* _WHAT THE TASK REQUIRES_
Repeat exactly the lines below, from the line containing "Serava Girit Embroidered" through the last line, both included. Leave out any pictures.

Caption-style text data
----
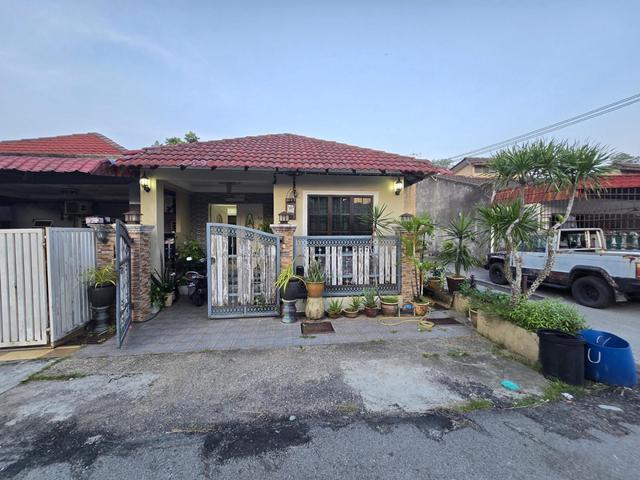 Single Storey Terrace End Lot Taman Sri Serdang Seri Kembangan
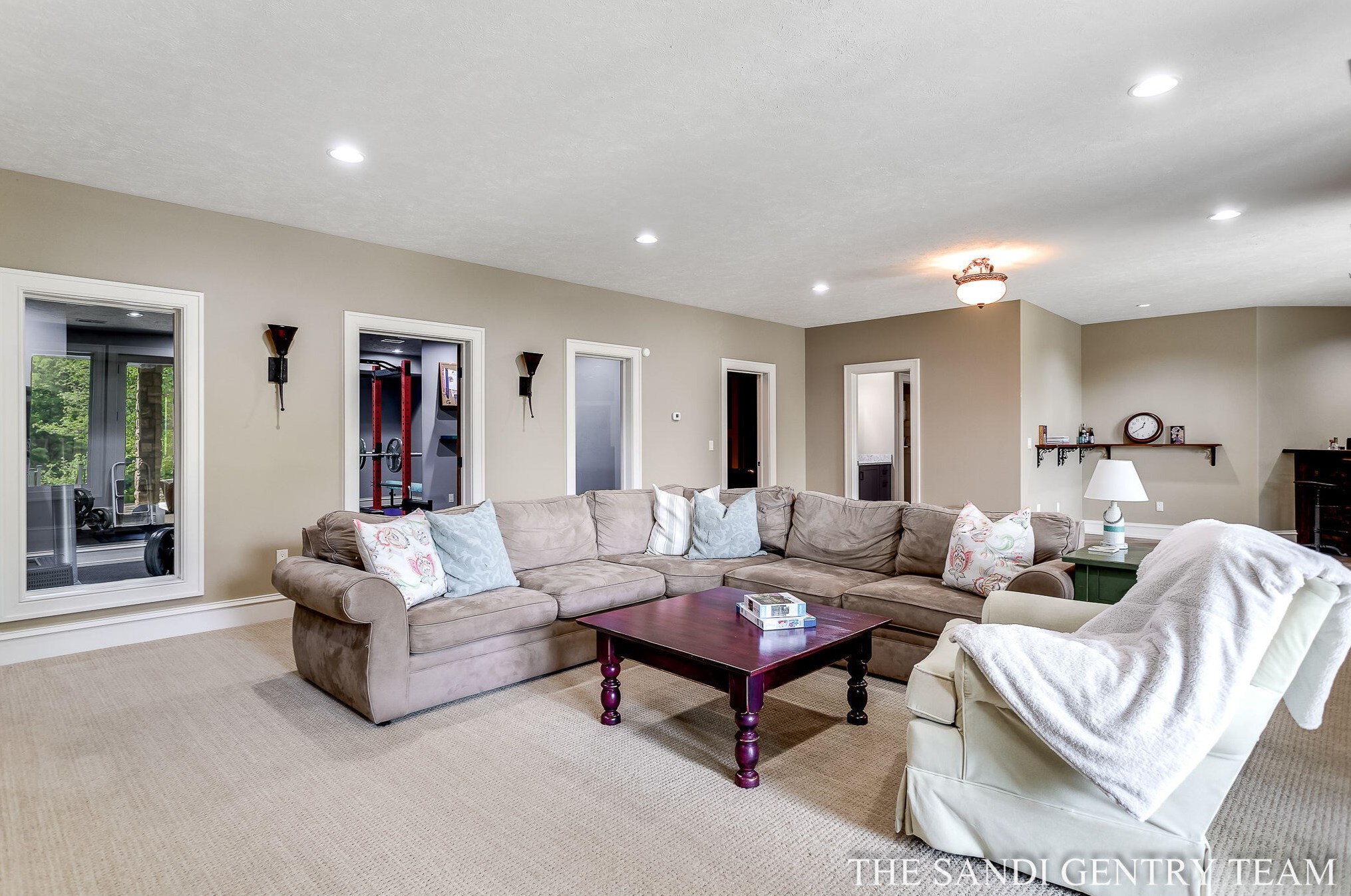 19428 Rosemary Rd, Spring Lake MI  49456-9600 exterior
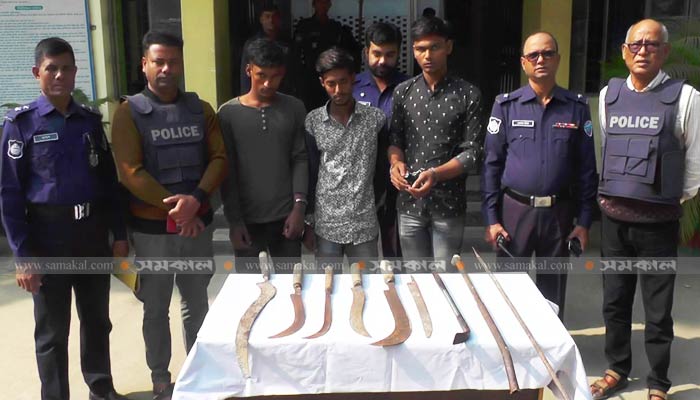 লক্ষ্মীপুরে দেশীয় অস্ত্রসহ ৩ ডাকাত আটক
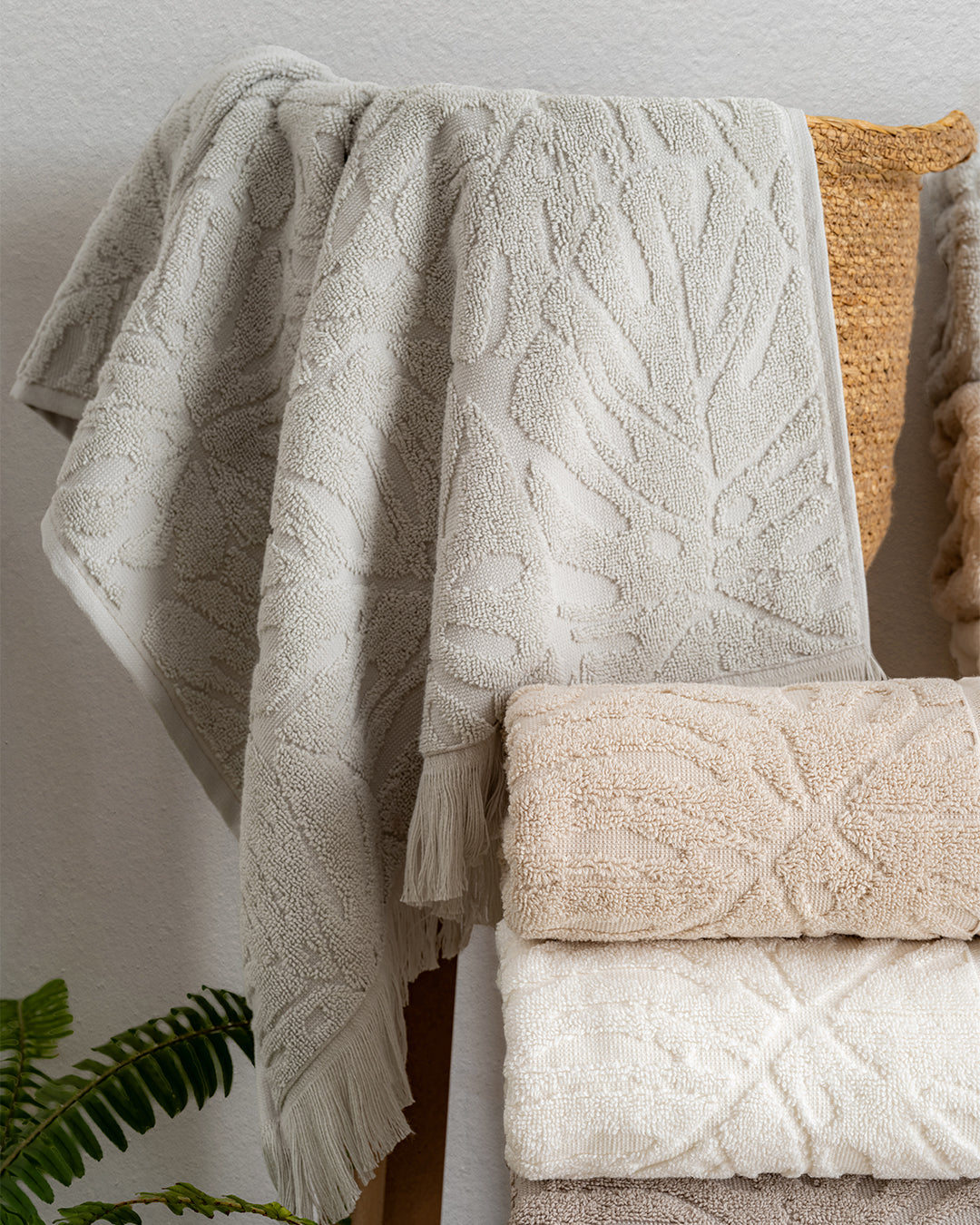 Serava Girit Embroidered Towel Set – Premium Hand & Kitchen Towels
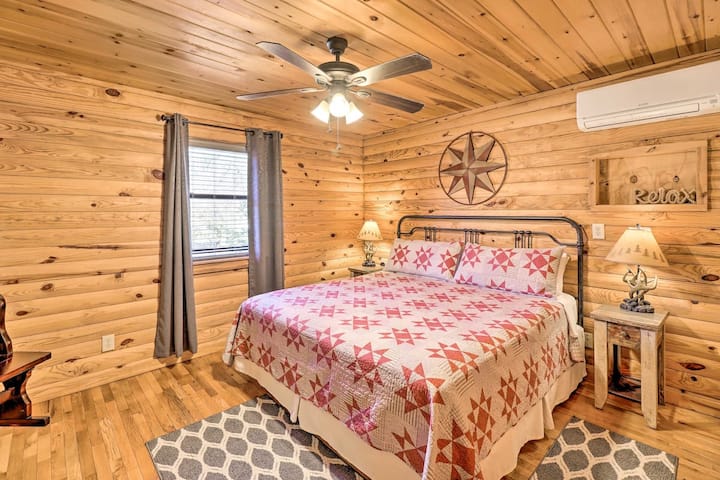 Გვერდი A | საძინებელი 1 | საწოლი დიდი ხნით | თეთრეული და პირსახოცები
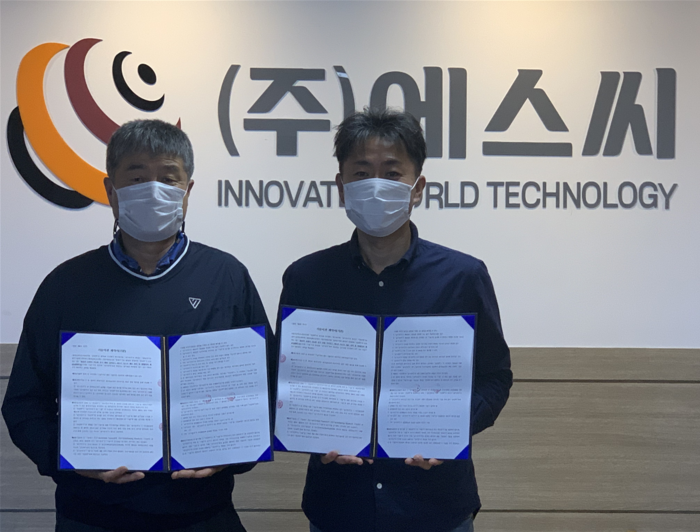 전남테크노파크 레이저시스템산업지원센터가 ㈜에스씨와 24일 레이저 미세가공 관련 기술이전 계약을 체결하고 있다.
----
* _REPLY_
 Serava Girit Embroidered Towel Set – Premium Hand & Kitchen Towels
 Გვერდი A | საძინებელი 1 | საწოლი დიდი ხნით | თეთრეული და პირსახოცები
 전남테크노파크 레이저시스템산업지원센터가 ㈜에스씨와 24일 레이저 미세가공 관련 기술이전 계약을 체결하고 있다.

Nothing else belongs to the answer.